Of course upon this discovery of the mystery drink my throat immediately started burning and I self-diagnosed myself with SARS just because that was the first highly communicable disease that came to mind. I'm sure that person whose drink I yanked was registering their car, the Delorian, and had just returned from China in the year 2003. Whatever. Psychosomatic symptoms at their best here ladies and gentlemen.

But like most things in life, there is a lesson to be learned from this experience: Don't drink while on the job.

6 comments:

allison said...

aside from the low blow that everyone who had been in china in 03 has SARS....HILARIOUS. not your misfortune for drinking after some stranger, but the blog itself. thanks for the laugh.

Unknown said...

heather - once again - you are the funniest person that I know..i read this three times - just soa another laugh!! LOVE IT!!

Alison said...

This reminds me of an internet forward I received that goes something like this...
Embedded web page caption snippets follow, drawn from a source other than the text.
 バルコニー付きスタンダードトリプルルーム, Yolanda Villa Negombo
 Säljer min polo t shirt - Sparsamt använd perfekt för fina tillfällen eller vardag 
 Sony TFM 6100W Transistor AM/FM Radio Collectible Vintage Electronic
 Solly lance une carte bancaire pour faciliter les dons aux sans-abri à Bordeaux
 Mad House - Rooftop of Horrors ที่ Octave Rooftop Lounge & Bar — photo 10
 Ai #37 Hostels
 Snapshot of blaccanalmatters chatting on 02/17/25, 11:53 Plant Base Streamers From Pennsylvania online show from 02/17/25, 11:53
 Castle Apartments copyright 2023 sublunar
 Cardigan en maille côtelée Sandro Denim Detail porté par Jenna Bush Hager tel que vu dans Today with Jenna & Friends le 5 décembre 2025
Americans: The government gives you two cows. You make them do the work of four cows and they fall over dead from exhaustion a year later.

Only in your situation it would read...

Grad Student: The school gives you two monitors. You make them do the work of four monitors and then wonder why you ended up with somebody else's SARS.

Jenny said...

Oh my! I just laughed my head off at work. I'm sure everyone else was wondering what I was doing. I performed a similar feat while at the dorms at NGCSU. After getting ready for bed one night, I returned to the bathroom a few minutes later, only to find my towel where I had left it by the sink. Only, what I found out when I got to my room was that I stole the towel of the girl at the sink and took it to my room, proclaiming that I had left it. I confessed my stupidity as I was forced to return the confiscated item back to its rightful owner.

Josh and Donna said...

ew! double ew! you should totally take a week off of work and go to the tropics to recover.

Suzanna said...

GROSS...now your voice mail about SARS makes sense (I've been behind on blogging).